Unless good jobs are created for growing population of youth, the demographic dividend will become a demographic nightmare, he said.
"Our young generation of the country is not going to accept poor quality of jobs and growth rate which does not meet their aspirations," he said.
Kumar made these comments in a lecture at Foundation Day Function of Institute for Studies in Industrial Development (ISID).
"If we don't wish this massive energy, this repeatedly talk of demographic transition converting itself into demographic nightmare, which I can assure you can happen very quickly...if we don't want that(to happen) then we must accelerate our rate of growth and make rate of growth more inclusive," he said.

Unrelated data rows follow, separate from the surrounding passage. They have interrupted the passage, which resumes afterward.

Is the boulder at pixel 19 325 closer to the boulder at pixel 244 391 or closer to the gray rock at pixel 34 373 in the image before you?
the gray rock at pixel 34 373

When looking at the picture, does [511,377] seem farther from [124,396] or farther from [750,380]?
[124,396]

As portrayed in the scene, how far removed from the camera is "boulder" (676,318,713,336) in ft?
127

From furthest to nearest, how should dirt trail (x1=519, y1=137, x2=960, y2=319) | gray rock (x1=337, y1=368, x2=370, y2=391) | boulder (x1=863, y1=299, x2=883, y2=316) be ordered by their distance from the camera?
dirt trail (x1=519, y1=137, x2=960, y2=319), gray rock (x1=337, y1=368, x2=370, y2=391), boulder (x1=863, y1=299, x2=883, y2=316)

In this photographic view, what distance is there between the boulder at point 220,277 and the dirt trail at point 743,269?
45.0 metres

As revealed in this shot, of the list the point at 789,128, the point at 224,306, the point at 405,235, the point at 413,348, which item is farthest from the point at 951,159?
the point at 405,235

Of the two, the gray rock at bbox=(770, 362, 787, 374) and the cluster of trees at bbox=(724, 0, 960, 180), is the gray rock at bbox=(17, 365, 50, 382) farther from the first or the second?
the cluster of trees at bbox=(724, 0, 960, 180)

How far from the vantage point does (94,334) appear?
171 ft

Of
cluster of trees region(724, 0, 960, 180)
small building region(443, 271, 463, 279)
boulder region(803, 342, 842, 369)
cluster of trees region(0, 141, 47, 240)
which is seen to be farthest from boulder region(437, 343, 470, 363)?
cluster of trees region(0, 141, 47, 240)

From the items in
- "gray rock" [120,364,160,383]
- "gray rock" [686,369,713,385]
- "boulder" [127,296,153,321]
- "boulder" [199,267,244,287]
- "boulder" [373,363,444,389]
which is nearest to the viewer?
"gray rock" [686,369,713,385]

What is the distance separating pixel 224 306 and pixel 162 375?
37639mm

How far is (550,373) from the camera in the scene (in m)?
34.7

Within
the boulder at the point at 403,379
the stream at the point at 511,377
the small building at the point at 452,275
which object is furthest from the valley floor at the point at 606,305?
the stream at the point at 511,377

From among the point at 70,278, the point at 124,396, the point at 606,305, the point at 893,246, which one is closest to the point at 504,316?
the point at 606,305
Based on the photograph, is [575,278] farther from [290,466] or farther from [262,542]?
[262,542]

"China has a very deep pocket and prowess and is around us in South Asia... China has given USD 40 billion to Bangladesh, USD 43 billion to Pakistan, and USD 18 billion to Sri Lanka for port development," Kumar noted.

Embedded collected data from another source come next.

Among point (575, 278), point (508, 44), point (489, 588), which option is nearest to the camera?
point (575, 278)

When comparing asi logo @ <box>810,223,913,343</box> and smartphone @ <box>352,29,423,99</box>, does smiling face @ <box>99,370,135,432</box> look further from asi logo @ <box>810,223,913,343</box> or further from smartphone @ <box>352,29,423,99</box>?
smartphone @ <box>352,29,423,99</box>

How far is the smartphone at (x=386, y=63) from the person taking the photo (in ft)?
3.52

He said the time has come to take "our destiny in our hand and strengthen ourselves because at the end of the day it is the hard strength that will save us from the calamity".
He further said: "At the end of the day, it is the hard strength that will save us from the calamity that could occur in case we decide not accelerate our economic growth."

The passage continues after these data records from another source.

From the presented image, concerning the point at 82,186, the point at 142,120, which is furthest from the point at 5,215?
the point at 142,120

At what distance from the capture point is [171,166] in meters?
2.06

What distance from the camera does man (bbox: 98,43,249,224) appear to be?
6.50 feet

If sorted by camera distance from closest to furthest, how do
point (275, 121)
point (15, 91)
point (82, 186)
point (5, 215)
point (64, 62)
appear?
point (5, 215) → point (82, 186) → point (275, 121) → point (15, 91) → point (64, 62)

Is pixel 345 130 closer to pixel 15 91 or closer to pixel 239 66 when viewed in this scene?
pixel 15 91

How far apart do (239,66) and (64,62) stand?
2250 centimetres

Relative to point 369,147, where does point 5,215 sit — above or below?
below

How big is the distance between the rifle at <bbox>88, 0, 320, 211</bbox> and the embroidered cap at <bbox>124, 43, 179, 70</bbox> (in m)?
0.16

He further predicted that India's transmission to upper-income country will be completed in our life time.
"Our growth rate has accelerated in recent times. I hope we will reach double-digit growth at the end of 2022," Kumar said, adding that the size of the Indian economy is USD 2.5 trillion and by 2022-23 it will be about USD 4 trillion.
He suggested that promotion of exports should become the business of the government.
"We need come out with Export Promotion Policy... We also need to try and ensure much better and effective supply-side response to reduce cost of energy, " Kumar said.
He said that although there has been a significant increase in Ease of Doing Business, much more needs to be done and NITI Aayog will come out with perception-based measures of EODB.